Archive

Posts Tagged ‘Google’

Instant Speculation on New Google

September 13th, 2010
Share

Google rocked the search world last week by introducing a new feature that automatically predicts and displays search results as users type their queries.

Google Instant met with a swarm of speculation, including predictions that it would kill SEO, change SEO, and not change SEO.

All commentary is speculation at this point. Google Instant’s impact on search marketing will not likely be clear for another 30 to 60 days. The change will likely affect some marketers more than others, depending on search’s role in your marketing.

The folks at search agency and software provider Covario sent me a seven-page brief on the topic they wrote for their clients. Three highlights from their analysis and predictions:

1. Top organic positions are more important than ever
Google Instant pushes down organic results
As users type search queries using the new feature, a drop-down “suggestion box” appears, pushing down paid and organic search results, and pushing some organic results below the fold.

Results pages with three or four ads in the top position sometimes only list one organic link above the fold (see image). The links pushed below the fold will likely experience a drop in traffic.

2. More ‘broad matching’ in PPC

Since users see results as they type, marketers will migrate toward strategies that use broad matching on the first keywords of popular multi-keyword queries.

In the short term, CPCs will increase and advertisers will have to budget more toward Google to drive similar volume, according Covario’s brief.

3. Not all searches are “Instant”

Google’s new feature is designed to work in the following browsers:
o Internet Explorer v8
o Safari for Mac v5
o Firefox v3
o Chrome v5, v6

Users running other browsers will perform traditional Google searches. Filtering your website analytics to track visitors by browser will help your team better understand how Google Instant changes your visitors’ behavior.

Please note: Covario’s brief emphasized that its analysis is strictly speculation. Only time and rigorous testing can determine what impact Google’s latest feature will have on your marketing and the marketing community as a whole.

Google Making Waves

June 4th, 2009
Share

Google is rocking the boat in the blogosphere with its latest announcement: Google Wave.
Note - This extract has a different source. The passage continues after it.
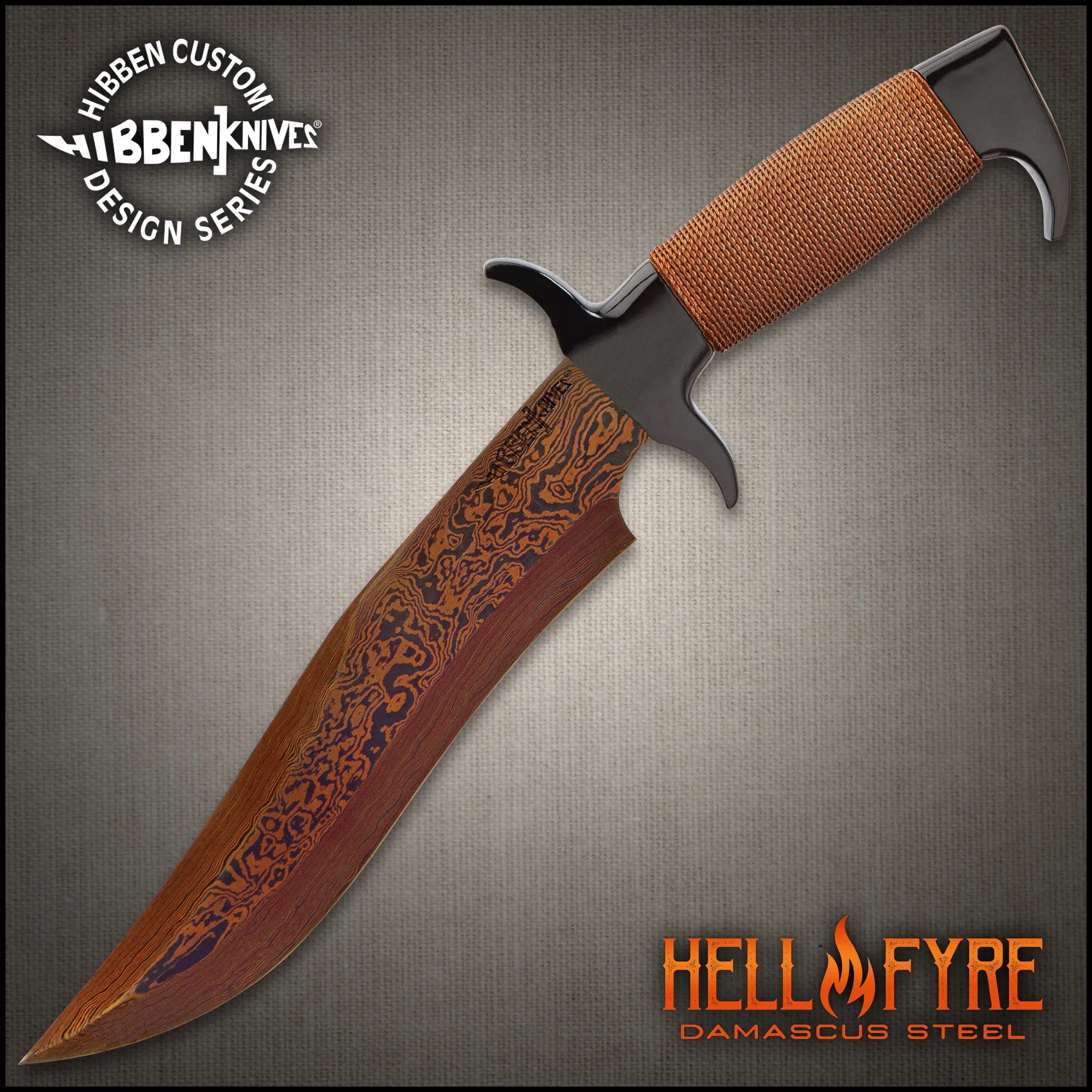 Hibben HellFyre Highlander Bowie Knife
I had a chance today to check out the video of a developer’s preview of the tool. It’s long — about 80 minutes — but it’s very clear and jam-packed with feature demos.

At first glance, Wave looks like an email and instant messaging hybrid built for the browser — but that’s just the beginning. Users can take their conversations and embed them into blogs and other websites with ease — and the conversations can be added to at the blog or the users’ account page. Users have a centralized place where they can add to conversations that are happening all over the web, “which will make flame wars so much more effective,” quips Lars Rasmussen, Software Engineer Manager, Google, and co-founder of the Wave team, in the video.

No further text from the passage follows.